No espetáculo fala do desconforto daqueles momentos em que anda na rua e em que muita gente faz questão de dizer-lhe piadas, esperando respostas divertidas da sua parte…
Não é que me incomode muito… Mas na vida não tenho a rapidez que tenho em palco. As pessoas estão certas, eu é que não estou à altura das expectativas delas. Elas estão à espera de que eu reaja como faria num programa ou em cena. São duas tomadas diferentes na minha vida, e a do dia a dia é claramente de baixa voltagem. Mas sou muito bem-educado com as pessoas, isso que fique claro [risos]. Fico muito comovido, até, quando elas vêm ter comigo na rua. Faz-me muita confusão os que dizem, “ai, já nem posso andar na rua!”. É como um técnico de esquentadores a queixar-se de que já não pode ver gás à frente… Não faz sentido uma pessoa queixar-se daquilo por que lutou.
Como lida, nessas situações, com piadas a que não acha graça nenhuma?
É horrível. É como, se fores músico, aparecer sempre alguém com uma guitarra a dizer “ouve lá esta música, que eu compus no meu quarto, quando estava deprimido”. Ou sou simpático e digo “está porreiro, continua…”, mesmo que esteja a mentir, ou tenho de fazer uma coisa que me dói mesmo: sorrir e fazer de conta que aquilo teve piada. Faço isso mais vezes do que gostaria. Queria atingir aquele patamar de um louco que não reage, que fica impávido como uma girafa… Mas não é assim que funciona.
No espetáculo Depois do Medo, não faz humor sobre a atualidade sociopolítica. É uma opção?

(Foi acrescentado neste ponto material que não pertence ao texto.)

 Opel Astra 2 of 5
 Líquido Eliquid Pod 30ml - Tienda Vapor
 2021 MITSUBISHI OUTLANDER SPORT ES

Sim. Hoje, há a moda de um lado quase moralista no stand up. Já vi isso ser muito bem feito, mas não é a minha disciplina. Não é isso que quero fazer em palco. Tenho vontade de fazê-lo no Tubo de Ensaio [rubrica radiofónica, na TSF, em parceria com João Quadros], e aí faço-o. No stand up, prefiro uma coisa mais crua, menos elaborada, sem ter, de todo, um lado de lição de moral.
Aliás, no seu espetáculo há mesmo um lado forte de provocação. O que nos leva a essa expressão tão repetida nos últimos anos: o politicamente correto ou incorreto…
Sim, isso entusiasma-me muito. É libertador. Provocação no sentido de já saber que aquilo irrita quem achou que podia definir até onde se pode ir na comédia… Tem que ver com outra expressão muito usada agora: “os limites do humor”. Como, no stand up, não estou ao abrigo de nenhuma empresa, nenhum canal, nenhuma companhia de teatro, ali sou eu e a minha opinião, a minha vontade. As pessoas têm o direito de não se identificar com ela… Às vezes, sinto “isto é a pior coisa que vos posso dizer neste momento”, e o que isso me provoca de felicidade, o desconforto que provoca, é muito superior à minha vontade de me calar!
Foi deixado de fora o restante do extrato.